# Task instructions
Nothing outside the stretch is wanted. Repeat exactly the lines of the listing below from the one that contains "Papá Noel entre" through the one that contains "Turquoise Wild Rabbit", both ends included.

# Records for this task
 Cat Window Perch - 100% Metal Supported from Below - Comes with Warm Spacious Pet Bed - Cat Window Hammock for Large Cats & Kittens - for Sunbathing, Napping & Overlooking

---

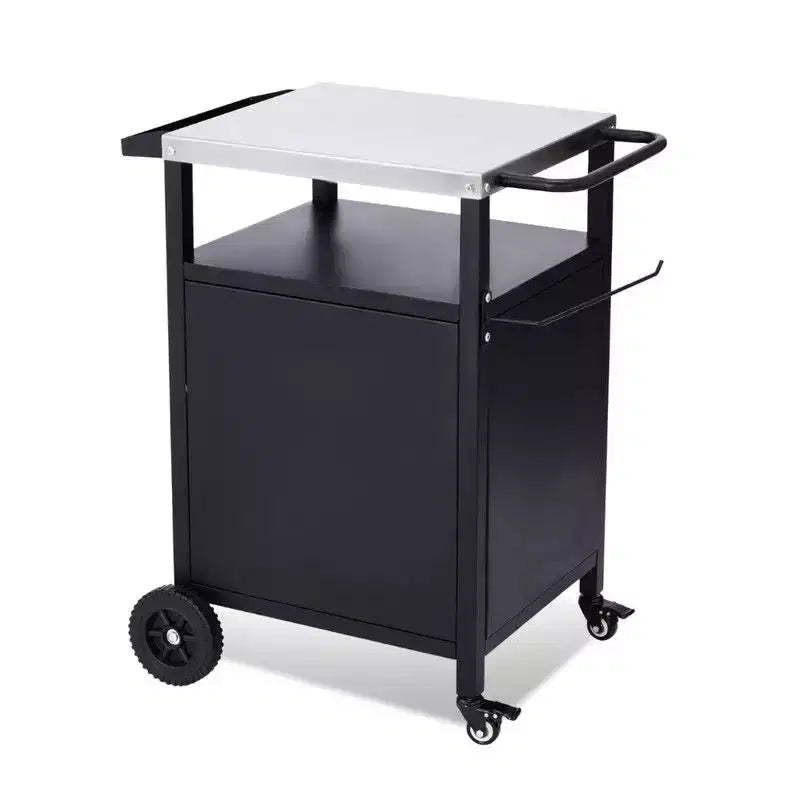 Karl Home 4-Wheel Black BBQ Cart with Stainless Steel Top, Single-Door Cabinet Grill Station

==

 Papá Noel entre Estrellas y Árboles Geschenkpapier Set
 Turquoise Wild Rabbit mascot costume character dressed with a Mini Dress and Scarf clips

# Result of the task
 Papá Noel entre Estrellas y Árboles Geschenkpapier Set
 Turquoise Wild Rabbit mascot costume character dressed with a Mini Dress and Scarf clips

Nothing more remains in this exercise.